Information shown:
----

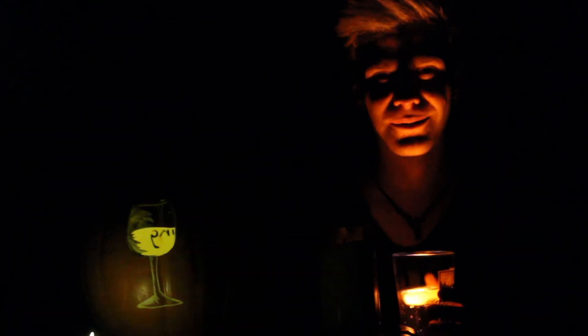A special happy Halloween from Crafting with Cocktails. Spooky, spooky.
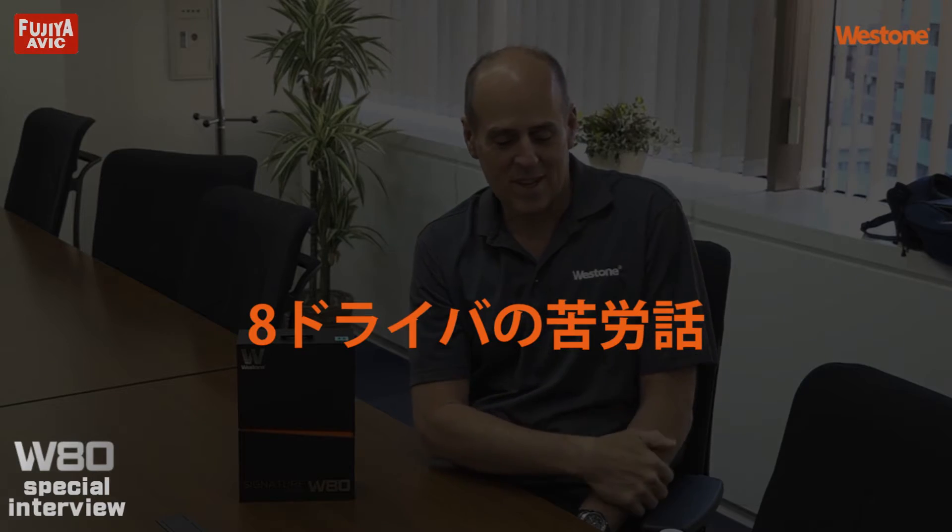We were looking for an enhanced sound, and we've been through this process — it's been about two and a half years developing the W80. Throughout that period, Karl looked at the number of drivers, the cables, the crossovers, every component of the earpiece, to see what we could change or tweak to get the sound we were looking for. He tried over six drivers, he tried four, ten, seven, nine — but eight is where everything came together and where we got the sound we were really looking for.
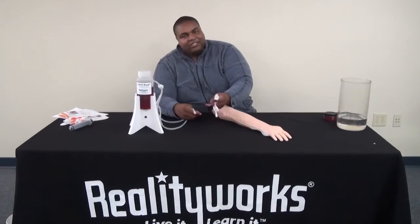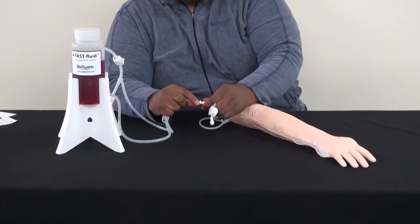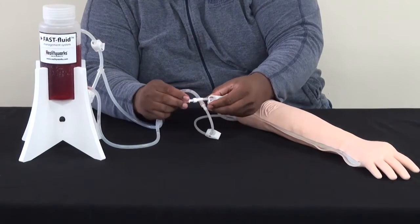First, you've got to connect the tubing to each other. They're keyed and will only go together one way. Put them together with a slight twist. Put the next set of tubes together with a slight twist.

----

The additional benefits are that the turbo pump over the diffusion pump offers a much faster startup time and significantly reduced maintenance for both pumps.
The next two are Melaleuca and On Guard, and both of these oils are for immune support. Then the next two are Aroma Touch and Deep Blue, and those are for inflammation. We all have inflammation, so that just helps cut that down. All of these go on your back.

----

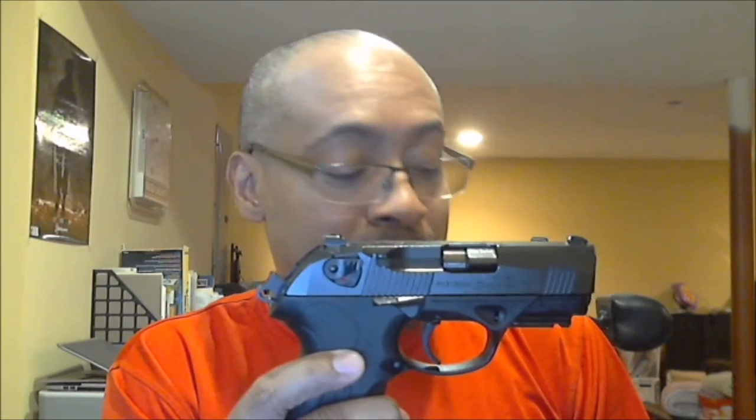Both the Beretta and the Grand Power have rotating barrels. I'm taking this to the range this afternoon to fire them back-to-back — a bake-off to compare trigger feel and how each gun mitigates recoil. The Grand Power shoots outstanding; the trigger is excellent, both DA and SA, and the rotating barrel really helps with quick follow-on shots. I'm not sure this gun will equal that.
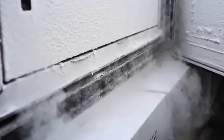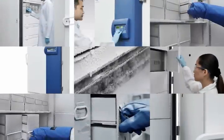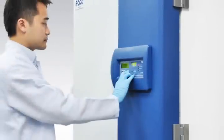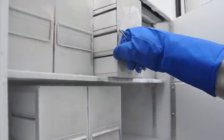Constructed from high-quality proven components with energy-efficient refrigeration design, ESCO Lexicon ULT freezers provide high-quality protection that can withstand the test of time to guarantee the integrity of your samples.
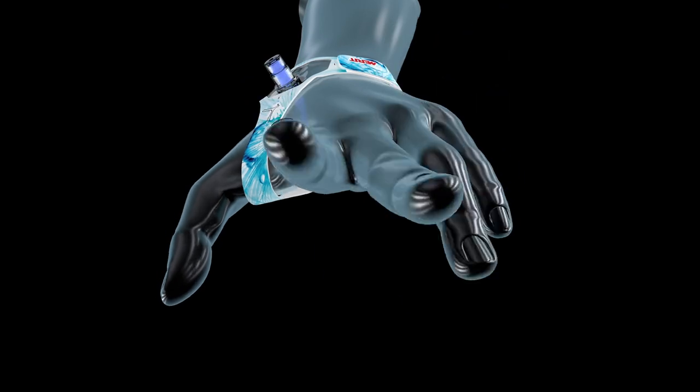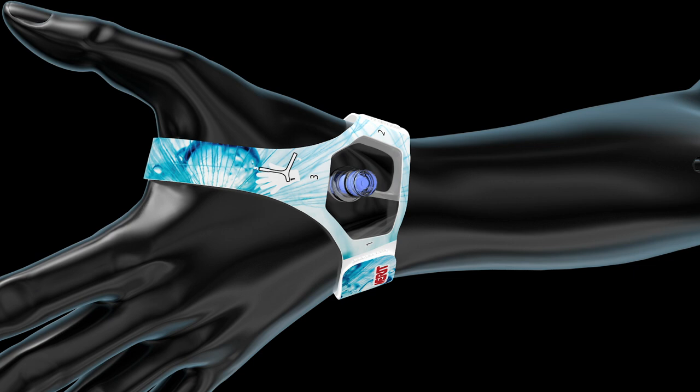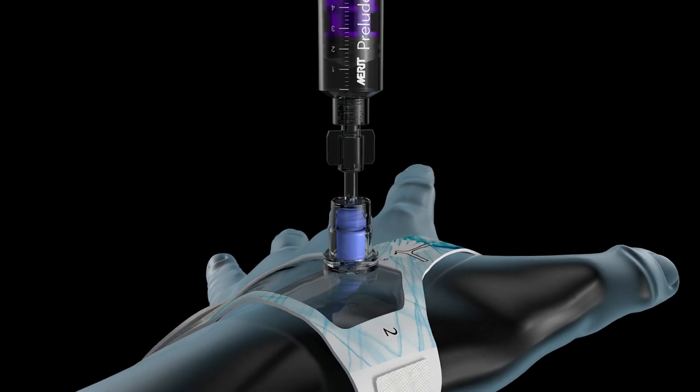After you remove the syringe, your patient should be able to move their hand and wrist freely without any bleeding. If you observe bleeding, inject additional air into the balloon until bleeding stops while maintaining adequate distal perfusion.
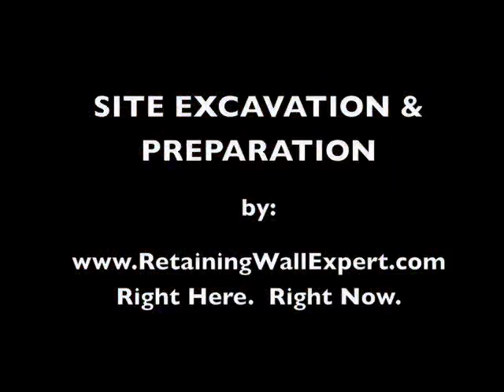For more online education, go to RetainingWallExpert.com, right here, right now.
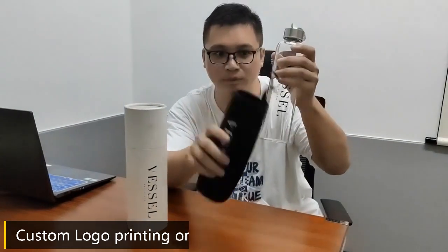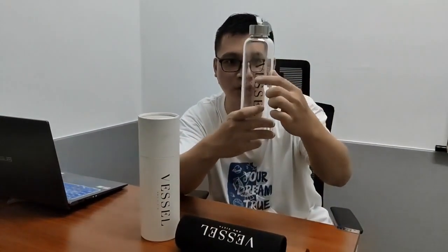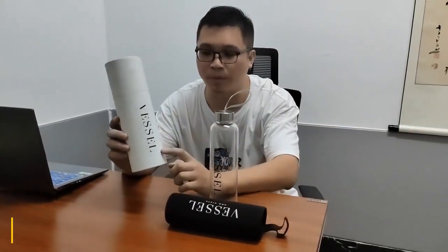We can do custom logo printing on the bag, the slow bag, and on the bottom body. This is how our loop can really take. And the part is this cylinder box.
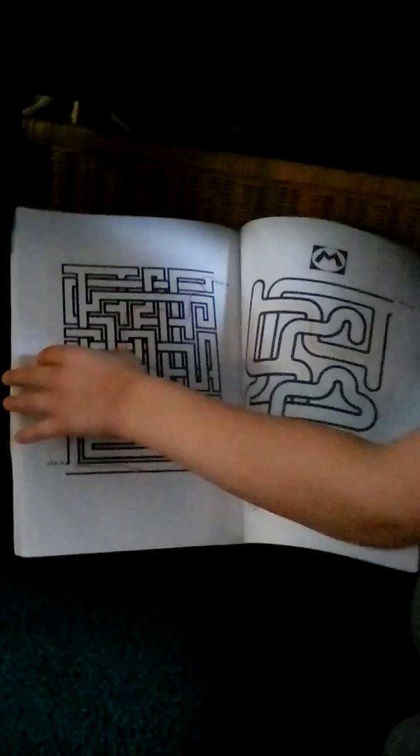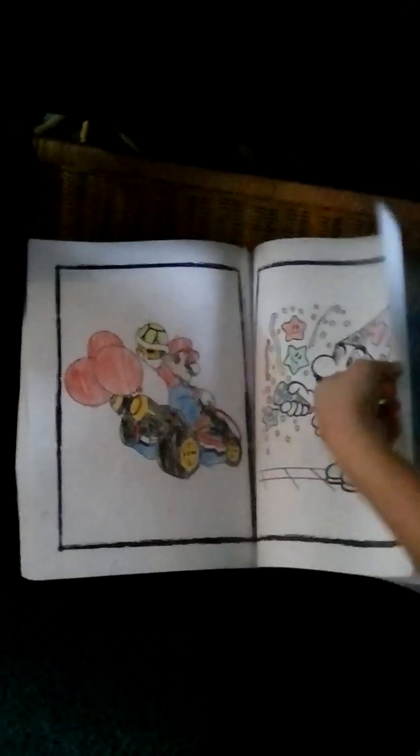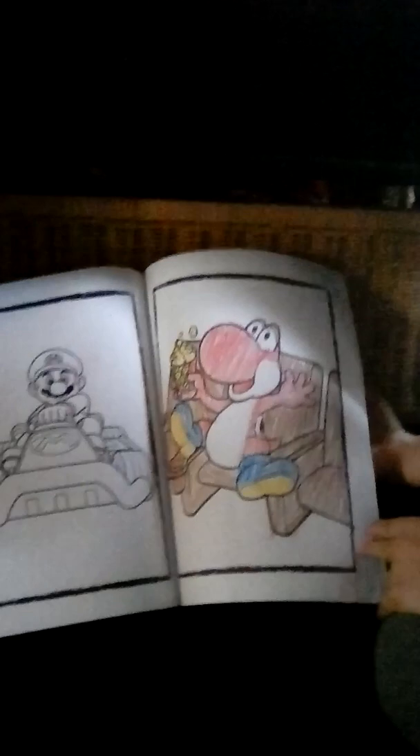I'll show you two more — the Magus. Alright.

----

What you have to do: Copy the lines above between the one holding "A special happy" and the one holding "First, you've got", inclusive. Drop the pictures.

Problem solution:
A special happy Halloween from Crafting with Cocktails. Spooky, spooky.
We were looking for an enhanced sound, and we've been through this process — it's been about two and a half years developing the W80. Throughout that period, Karl looked at the number of drivers, the cables, the crossovers, every component of the earpiece, to see what we could change or tweak to get the sound we were looking for. He tried over six drivers, he tried four, ten, seven, nine — but eight is where everything came together and where we got the sound we were really looking for.
First, you've got to connect the tubing to each other. They're keyed and will only go together one way. Put them together with a slight twist. Put the next set of tubes together with a slight twist.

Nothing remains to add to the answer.